L’obiettivo per inserzionisti come fabbricatori di attrezzature atletiche o marchi di snack è raggiungere le persone con la loro pubblicità proprio in quei momenti: “Un’azienda produttrice di articoli confezionati rivolti al consumatore potrebbe voler raggiungere i compratori di prodotti per la casa o cereali nell’app Spotify basandosi sui dati di acquisto che Krux ha reso disponibili sul sistema”, ha spiegato Jon Suarez-Davis, ex VP-Global Media e Digital Strategy in Kellog Co., entrato in Krux come Chief Marketing e Strategy Officier un anno fa.

Krux offre il suo servizio come DMP e struttura tecnologica, collegando gli utenti visti nel suo diagramma di identità di dispositivo agli utenti di Spotify.

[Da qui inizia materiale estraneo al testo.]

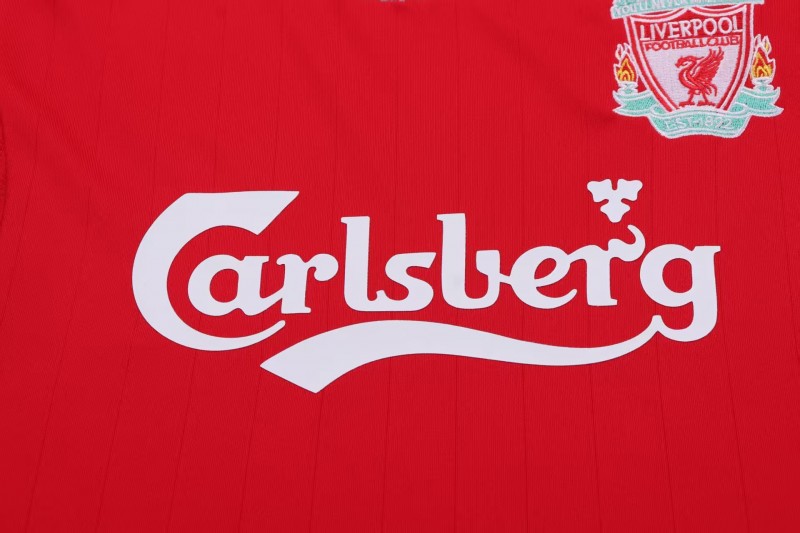 Retro Kids 06/08 Liverpool Red Home Jersey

L’azienda ad-tech lavorerà anche con dei partner per connettere gli utenti Spotify a email o database CRM. Gli inserzionisti possono acquistare il pubblico Spotify direttamente attraverso la sua applicazione, anche grazie a procedure in programmatico.

“Abbiamo un enorme quantità di dati di prima parte”, ha detto Benedik, “Questo rientra in un puzzle più grande che abbiamo costruito qui in Spotify”. Principalmente, Spotify vuole che i suoi ricchi dati streaming abbiano maggior valore sulla sua applicazione mobile, dove il targeting cookie non è rilevante.

“Congiuntamente all’acquisizione delle aziende di dati musicali Seed Scientific e Echo Nest, Spotify sta costruendo una squadra di analytics”, ha detto Mark Uttley, VP Consumer Insight dell’azienda.

Secondo le sue misurazioni pubbliche più recenti, Spotify conta 45 milioni di utenti attivi che possono ricevere pubblicità e altri 30 milioni di iscritti che pagano per usare il servizio premium senza annunci.